[Information shown — start]

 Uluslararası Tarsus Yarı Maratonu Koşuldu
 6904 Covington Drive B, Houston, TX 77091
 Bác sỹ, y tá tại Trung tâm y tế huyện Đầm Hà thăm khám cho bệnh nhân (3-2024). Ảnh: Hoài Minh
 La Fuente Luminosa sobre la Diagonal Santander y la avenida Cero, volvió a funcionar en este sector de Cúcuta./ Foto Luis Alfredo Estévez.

[Information shown — finish]
[Information shown — start]

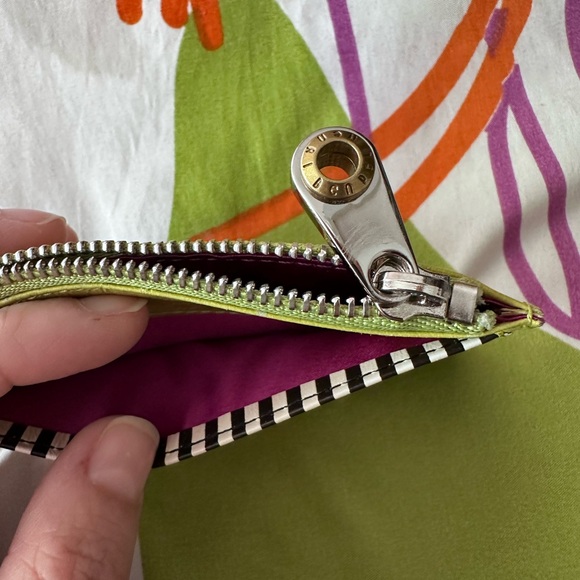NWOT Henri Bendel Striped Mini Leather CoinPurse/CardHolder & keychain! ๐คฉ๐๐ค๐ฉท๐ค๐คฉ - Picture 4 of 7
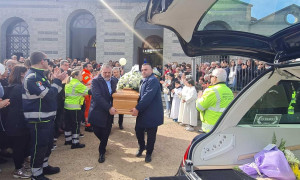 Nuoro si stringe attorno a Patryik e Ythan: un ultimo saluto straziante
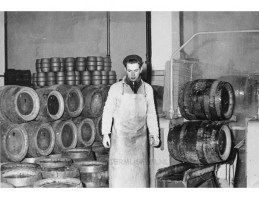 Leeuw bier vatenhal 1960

[Information shown — finish]

* How to complete this task
For this exercise, repeat exactly the lines of the data above from the one with "6904 Covington Drive B, Houston, TX 77091" down to the one with "La Fuente Luminosa", both end lines included.

* Written response
 6904 Covington Drive B, Houston, TX 77091
 Bác sỹ, y tá tại Trung tâm y tế huyện Đầm Hà thăm khám cho bệnh nhân (3-2024). Ảnh: Hoài Minh
 La Fuente Luminosa sobre la Diagonal Santander y la avenida Cero, volvió a funcionar en este sector de Cúcuta./ Foto Luis Alfredo Estévez.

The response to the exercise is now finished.